### EXERCISE DATA

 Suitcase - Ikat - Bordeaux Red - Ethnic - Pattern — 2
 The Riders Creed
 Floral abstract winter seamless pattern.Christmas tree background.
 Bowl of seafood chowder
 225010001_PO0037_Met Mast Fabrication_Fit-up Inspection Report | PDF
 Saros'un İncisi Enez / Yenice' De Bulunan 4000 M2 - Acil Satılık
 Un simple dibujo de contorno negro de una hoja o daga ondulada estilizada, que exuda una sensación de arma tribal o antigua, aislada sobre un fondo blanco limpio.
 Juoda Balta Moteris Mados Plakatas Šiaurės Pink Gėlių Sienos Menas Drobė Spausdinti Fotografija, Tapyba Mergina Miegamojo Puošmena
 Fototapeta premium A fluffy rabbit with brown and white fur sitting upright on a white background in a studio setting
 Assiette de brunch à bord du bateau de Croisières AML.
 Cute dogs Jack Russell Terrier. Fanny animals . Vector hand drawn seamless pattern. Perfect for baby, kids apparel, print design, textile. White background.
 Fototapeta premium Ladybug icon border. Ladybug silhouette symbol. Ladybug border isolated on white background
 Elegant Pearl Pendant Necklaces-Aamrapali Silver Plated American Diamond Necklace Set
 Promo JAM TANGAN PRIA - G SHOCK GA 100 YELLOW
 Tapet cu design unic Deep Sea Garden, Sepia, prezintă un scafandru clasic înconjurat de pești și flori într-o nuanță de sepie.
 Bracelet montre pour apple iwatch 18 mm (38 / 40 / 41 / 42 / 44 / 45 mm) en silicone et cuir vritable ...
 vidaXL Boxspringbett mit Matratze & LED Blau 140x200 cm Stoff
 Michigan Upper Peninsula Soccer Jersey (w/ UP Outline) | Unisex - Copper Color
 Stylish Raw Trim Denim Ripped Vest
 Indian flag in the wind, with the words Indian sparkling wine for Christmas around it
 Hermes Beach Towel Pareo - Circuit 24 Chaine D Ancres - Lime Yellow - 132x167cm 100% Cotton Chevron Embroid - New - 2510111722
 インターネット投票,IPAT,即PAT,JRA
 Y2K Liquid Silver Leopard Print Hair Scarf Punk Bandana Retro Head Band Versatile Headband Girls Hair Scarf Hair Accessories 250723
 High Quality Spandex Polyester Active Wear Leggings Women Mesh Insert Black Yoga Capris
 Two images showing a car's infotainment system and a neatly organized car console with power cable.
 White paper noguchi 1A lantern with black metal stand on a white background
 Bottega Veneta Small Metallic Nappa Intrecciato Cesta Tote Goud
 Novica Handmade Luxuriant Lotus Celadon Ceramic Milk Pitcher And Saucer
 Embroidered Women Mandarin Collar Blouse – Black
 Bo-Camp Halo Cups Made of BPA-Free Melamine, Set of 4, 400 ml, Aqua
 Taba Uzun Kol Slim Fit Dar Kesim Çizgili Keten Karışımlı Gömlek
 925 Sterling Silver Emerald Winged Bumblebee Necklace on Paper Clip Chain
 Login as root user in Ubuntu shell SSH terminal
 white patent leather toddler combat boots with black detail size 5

######

**ABOUT THIS EXERCISE:** All lines from the opening of the records through the line where "Assiette de brunch" occurs are to be output verbatim. No other line belongs in the answer.

**PROBLEM SOLUTION:**
 Suitcase - Ikat - Bordeaux Red - Ethnic - Pattern — 2
 The Riders Creed
 Floral abstract winter seamless pattern.Christmas tree background.
 Bowl of seafood chowder
 225010001_PO0037_Met Mast Fabrication_Fit-up Inspection Report | PDF
 Saros'un İncisi Enez / Yenice' De Bulunan 4000 M2 - Acil Satılık
 Un simple dibujo de contorno negro de una hoja o daga ondulada estilizada, que exuda una sensación de arma tribal o antigua, aislada sobre un fondo blanco limpio.
 Juoda Balta Moteris Mados Plakatas Šiaurės Pink Gėlių Sienos Menas Drobė Spausdinti Fotografija, Tapyba Mergina Miegamojo Puošmena
 Fototapeta premium A fluffy rabbit with brown and white fur sitting upright on a white background in a studio setting
 Assiette de brunch à bord du bateau de Croisières AML.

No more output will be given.